However, after refreshing its lineup last fall, Apple’s cheapest iPhone remained at around $400, while the middle tier 5c was priced at $550 and its high end 5s started at $650 and went as high as $850. Analysts, who had been stewing fears that a cheap new iPhone would erode Apple’s margins, turned around and skewered Apple for not doing what they expected, slashing their stock price expectations even lower on fears Apple couldn’t maintain its sales volumes in such a competitive climate replete with a cheap phone.
We can only speculate about whether a cheap new iPhone could have stolen away more sales from the already sickly numbers of Samsung’s Galaxy S4, HTC’s One, LG’s G2, Google’s Moto X and Nokia’s Lumia line sold over the holiday quarter. All of those models were outsold by even Apple’s middle tier iPhone 5c, which in turn was wildly outsold by the iPhone 5s.

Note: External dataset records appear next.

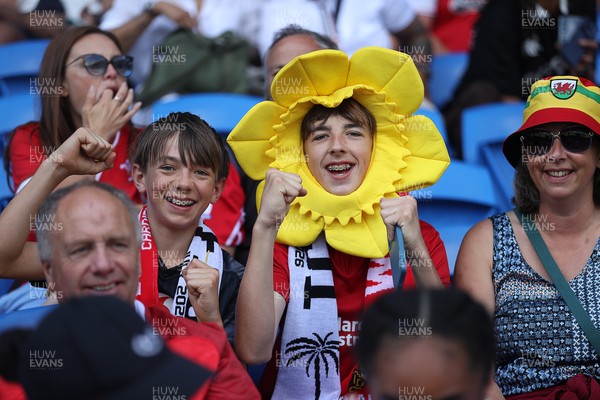 040726 - Fiji v Wales - Nations Championship - Wales fans before the game
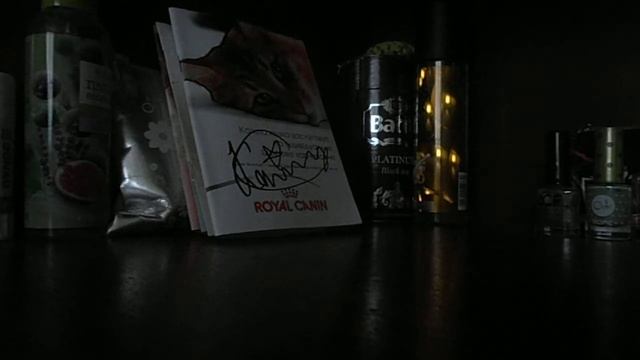 Все о породе руского той терьера 3 часть смотреть онлайн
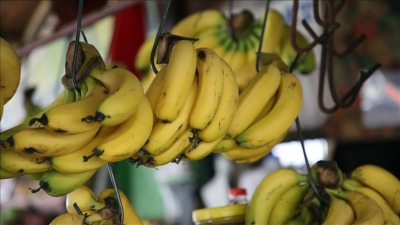 الموز أصبح يعتبر من الكماليات بسبب ضعف القدرة الشرائية للمواطنين.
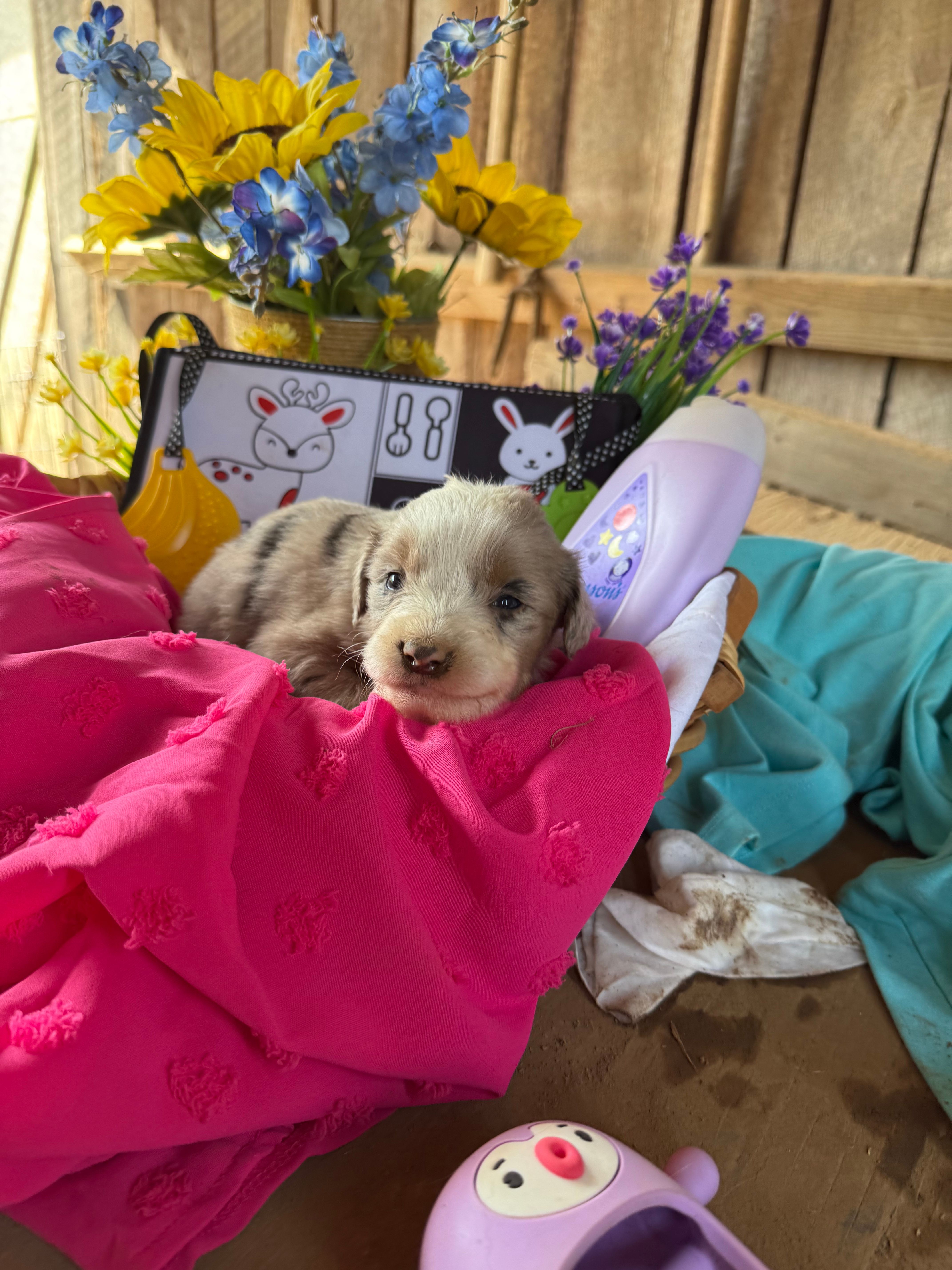 Ellie – Australian Shepherd puppy for sale in Pulaski, TN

A cheaper iPhone quite likely would have eaten into sales of Apple’s other iPhones; hurt the Apple brand by cheapening new users’ initial experience and dramatically affected Apple’s revenues and profits, the same way that Samsung’s focus on cheap, low end phones contributed to plummeting average selling prices and its slim profit margins.
Race for the future
We can’t run the 2013 experiment over again to find out exactly what would have happened had Apple offered a very low end iPhone. We do know, however, that Apple earned more than everyone else in the mobile industry, giving it more capital to invest in even more sophisticated OS, chip, app and service developments and manufacturing capacity than anyone else. Apple took an astounding 87 percent of the entire industry’s global phone profits just in the winter quarter.
Apple is quadrupling its headquarters’ office space and plans to build 30 new retail stores this year: substantial projects that indicate long term expectations. All of those massive investments require very significant capital.
Had Apple blown $10-15 billion producing tons of profitless, cheap phones to win IDC’s respect as the top volume commodity producer for 2013, it wouldn’t have been able to also spend that capital to acquire more talent, technology and production capacity than even Google last year.
In terms of sales volumes, Apple was outsold by Commodore in the 1980s, by HP Dell in the 1990s, by Nokia in the 2000s, and it’s being outsold by Samsung in the 2010s. What’s more remarkable is that Apple is now outselling those old competitors from the past. Apple has consistently won in the future. And that’s clearly where Apple expects to win today. It’s not wishing it could have won a ribbon for “most smartphones sold” in 2013, because having made the most money will eventually allow it to outpace Samsung the same way.
Samsung is also investing in the future, but it has been giving up half of its margins to “win” in the past in terms of market share. For an example of how to run yourself out of business, just look at what happened to Apple in the early 1990s when it decided to heed the advice of analysts and go for cheap, unprofitable volume sales with Performa Macs designed and sold like the commodity PCs everyone else was making.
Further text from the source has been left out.